Futbol sektörü ile ticaret, siyaset ve mafyanın ilişkisi futbolun kuruluşundan bu yana var olan bir olgu ancak son yıllarda bu ilişkiler, özellikle dijital dünyada egemenlik gösteren bahis uygulamalarıyla daha da vahim boyutlara ulaştı.

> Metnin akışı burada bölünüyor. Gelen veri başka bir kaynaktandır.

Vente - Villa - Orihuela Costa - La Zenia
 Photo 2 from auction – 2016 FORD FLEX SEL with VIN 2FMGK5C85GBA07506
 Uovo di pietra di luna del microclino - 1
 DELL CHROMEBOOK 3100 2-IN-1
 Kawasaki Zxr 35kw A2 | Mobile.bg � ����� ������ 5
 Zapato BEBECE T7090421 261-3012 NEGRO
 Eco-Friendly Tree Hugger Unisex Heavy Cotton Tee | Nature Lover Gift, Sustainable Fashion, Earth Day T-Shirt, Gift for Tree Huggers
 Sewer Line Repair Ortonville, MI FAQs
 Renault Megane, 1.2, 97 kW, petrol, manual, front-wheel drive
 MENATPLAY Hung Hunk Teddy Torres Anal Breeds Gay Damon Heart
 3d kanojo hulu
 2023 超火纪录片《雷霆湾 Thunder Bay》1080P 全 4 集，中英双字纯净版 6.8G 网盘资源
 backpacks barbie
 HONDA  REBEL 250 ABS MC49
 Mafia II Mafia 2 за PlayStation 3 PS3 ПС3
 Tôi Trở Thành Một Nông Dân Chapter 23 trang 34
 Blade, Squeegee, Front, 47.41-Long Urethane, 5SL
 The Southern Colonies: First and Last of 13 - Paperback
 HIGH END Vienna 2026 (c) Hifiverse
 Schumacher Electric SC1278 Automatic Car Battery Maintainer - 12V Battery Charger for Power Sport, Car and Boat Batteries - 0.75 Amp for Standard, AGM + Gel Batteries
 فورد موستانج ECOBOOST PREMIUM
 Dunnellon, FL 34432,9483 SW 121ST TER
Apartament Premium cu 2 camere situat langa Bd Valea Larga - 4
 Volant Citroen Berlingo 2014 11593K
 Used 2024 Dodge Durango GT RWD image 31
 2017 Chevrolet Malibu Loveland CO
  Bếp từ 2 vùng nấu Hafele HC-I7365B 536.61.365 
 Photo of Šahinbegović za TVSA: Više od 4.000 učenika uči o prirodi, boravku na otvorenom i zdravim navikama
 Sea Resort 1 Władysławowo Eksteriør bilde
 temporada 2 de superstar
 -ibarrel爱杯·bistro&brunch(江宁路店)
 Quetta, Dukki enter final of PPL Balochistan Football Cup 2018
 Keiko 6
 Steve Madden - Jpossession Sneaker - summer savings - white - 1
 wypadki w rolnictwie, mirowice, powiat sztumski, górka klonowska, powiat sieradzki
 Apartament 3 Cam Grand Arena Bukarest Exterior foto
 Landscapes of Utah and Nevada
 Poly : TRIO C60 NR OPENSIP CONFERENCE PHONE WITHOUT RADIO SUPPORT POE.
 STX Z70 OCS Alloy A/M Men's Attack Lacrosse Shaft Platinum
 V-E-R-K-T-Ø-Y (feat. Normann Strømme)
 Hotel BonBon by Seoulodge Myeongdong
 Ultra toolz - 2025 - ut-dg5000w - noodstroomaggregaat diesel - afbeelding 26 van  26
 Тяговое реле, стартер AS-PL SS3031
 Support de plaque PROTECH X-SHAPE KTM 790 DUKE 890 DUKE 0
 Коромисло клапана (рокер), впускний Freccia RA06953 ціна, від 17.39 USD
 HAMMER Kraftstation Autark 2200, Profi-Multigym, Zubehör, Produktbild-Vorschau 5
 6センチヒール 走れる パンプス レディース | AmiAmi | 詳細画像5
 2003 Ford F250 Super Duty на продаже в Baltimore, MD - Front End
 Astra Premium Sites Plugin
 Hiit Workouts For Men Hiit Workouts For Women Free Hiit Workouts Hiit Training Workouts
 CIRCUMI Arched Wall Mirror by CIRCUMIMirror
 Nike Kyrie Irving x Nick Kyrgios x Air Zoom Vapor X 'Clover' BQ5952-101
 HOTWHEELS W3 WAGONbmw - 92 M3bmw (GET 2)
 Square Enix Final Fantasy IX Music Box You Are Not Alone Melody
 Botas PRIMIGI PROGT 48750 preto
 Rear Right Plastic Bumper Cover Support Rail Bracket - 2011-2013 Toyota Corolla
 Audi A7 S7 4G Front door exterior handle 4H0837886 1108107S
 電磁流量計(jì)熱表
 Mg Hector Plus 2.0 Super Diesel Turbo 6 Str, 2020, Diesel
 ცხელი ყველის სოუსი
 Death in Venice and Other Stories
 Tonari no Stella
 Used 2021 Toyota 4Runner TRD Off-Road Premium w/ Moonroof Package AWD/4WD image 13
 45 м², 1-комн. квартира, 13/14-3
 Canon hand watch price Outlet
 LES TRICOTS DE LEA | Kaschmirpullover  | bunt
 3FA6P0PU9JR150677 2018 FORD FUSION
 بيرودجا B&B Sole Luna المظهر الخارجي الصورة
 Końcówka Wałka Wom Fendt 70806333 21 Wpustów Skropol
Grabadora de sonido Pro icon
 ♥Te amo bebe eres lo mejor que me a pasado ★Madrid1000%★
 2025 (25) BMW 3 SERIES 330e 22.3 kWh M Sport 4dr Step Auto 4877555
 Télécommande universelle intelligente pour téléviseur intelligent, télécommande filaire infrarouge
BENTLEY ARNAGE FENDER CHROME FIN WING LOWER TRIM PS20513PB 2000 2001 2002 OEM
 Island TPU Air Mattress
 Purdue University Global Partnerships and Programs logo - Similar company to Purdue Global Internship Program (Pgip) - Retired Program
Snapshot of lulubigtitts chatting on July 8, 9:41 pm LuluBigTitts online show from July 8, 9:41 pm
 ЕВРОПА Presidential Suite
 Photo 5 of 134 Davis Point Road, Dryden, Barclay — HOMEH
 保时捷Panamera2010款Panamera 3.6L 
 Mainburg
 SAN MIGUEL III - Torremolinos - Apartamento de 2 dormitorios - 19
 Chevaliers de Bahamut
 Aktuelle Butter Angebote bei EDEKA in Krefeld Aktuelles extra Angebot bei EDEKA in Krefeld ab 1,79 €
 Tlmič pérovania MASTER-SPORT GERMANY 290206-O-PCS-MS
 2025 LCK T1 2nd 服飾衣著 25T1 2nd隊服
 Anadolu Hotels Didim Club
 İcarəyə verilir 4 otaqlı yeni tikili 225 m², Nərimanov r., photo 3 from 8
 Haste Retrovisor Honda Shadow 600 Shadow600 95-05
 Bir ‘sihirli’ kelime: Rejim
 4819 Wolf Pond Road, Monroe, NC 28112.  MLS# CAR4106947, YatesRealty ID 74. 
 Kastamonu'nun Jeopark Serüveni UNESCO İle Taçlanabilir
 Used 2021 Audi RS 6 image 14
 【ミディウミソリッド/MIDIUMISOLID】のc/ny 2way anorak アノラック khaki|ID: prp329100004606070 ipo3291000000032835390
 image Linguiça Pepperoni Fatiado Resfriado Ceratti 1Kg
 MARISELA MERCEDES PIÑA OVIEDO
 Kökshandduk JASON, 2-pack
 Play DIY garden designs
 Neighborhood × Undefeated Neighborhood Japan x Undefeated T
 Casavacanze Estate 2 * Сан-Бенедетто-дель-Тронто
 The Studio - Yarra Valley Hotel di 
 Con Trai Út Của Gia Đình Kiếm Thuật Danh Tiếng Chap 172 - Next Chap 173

Futbol kulüpleri, siyasetle ilişki kurmak açısından da etkin olarak kullanılıyor ve özellikle siyasal iktidarla kurulan ilişkiler bağlamında önemli güç odakları olarak kendini gösteriyor. Bütün kulüplerin benzer yakınlaşmaları söz konusu, eski bir AKP milletvekili aynı zamanda futbol kulübü başkanı olabilir mesela. AKP milletvekilinin beklediği sonuç gerçekleşmediğinde şiddet uygulayabilme gücü bulabilmesi; sırtını dayadığı siyasal gücün onu her koşulda koruyacağı, suçlarının cezasız kalacağı inancından kaynaklanıyor.

Bununla ilgili çok örnek var ve bugün adaletin geldiği noktada en temel sorunlardan biri cezasızlık… Cezasızlık fail açısından eylemi tekrarlayabilme potansiyeli yaratırken; mağdur için sürekli bir örselenme, incinme, adalet inancının kaybı, boyun eğme, yılgınlık ve umutsuzluk anlamına geliyor.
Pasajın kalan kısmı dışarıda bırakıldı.